In many ways the history of football media is the history of the media. While the press helped popularise football, football helped make newspapers a mass-market product. Newsreels brought moving footage of the game to the masses and radio brought live coverage into their homes; football was a key selling point of both. Today, if you listen to most regional radio stations on a Saturday or Sunday afternoon you’ll still find their schedules dominated by commentary of the local football team’s game. The UK has two talk radio stations, one devoted entirely to sport, the other a mix of news and sport. Football dominates both. In the weeks following the 9/11 attacks, Radio Five Live interrupted a breaking news story about a possible plane hijack for live coverage of a press conference with England captain David Beckham ahead of a crucial World Cup qualifier with Greece. Now, you might think that demonstrates slightly skewed news values from whoever was making the editorial decisions on the day (and I might be inclined to agree with you) but ask yourself this: when was the last time a football match was interrupted for a breaking news story?

And what of television? In the 1950s it cemented football’s place as the nation’s favourite sport while the game boosted TV-set sales. In the early 1990s with football’s reputation in the gutter and Rupert Murdoch’s News Corporation on the brink of collapse, English football and the media came together once more to support each other in the quest for global domination. Without the money generated through Sky’s coverage of the Premier League, it is highly unlikely that Murdoch would have come to dominate the British media in quite the manner that he has. So here’s another question for you: would the Leveson Inquiry have happened if the Premier League had stuck with ITV way back in 1992?

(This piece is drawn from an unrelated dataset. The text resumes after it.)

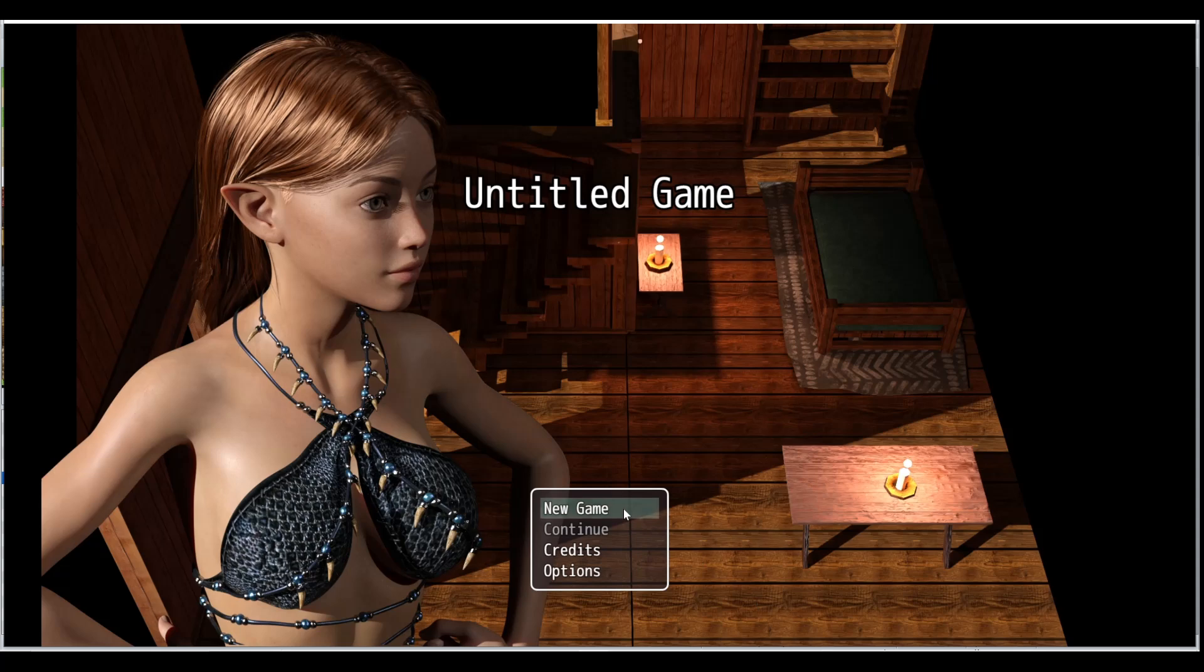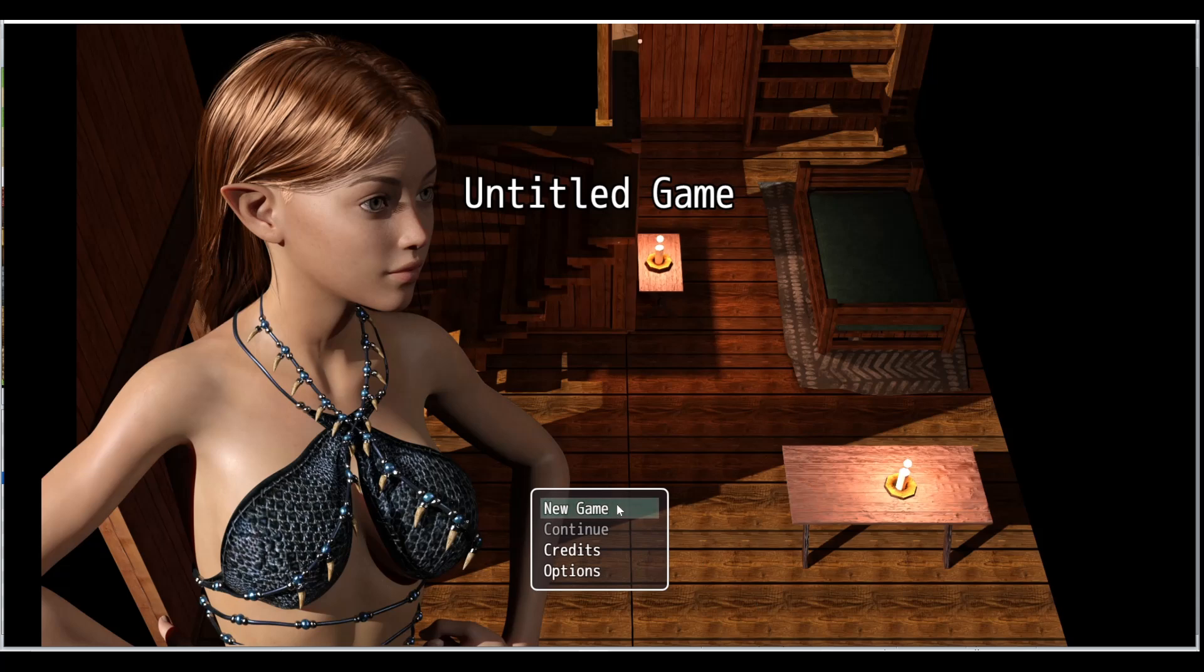I was hoping to be able to do all this stuff very easily in RPG Maker Unite, and it just looks like it's going to be very difficult to do, so I've kind of switched back just to using MV.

Along the way the media has helped turn football events into national events. It has even underpinned our obsession with celebrity and if you want to understand the switch from analogue to digital broadcasting, there is no better example than the football media. Beyond all that, the football media has played a crucial role in shaping key aspects of English culture including notions of patriotism and the stereotyping of other nationalities. It has reinforced class divisions as well as the definition of masculinity and the related marginalisation of women and tacit homophobia. Yet despite all this we don’t fully appreciate the importance of the relationship between these two cultural behemoths. Modern football and the modern media are locked together. Born at around the same time, they grew up together, got married young, grew old, renewed their vows and got rich. Sure there have been ups and downs but they’re in it for the long haul; there will be no divorce, it would be too complicated, too messy, and besides, I doubt they could live without each other. This is the story of that life-long love affair.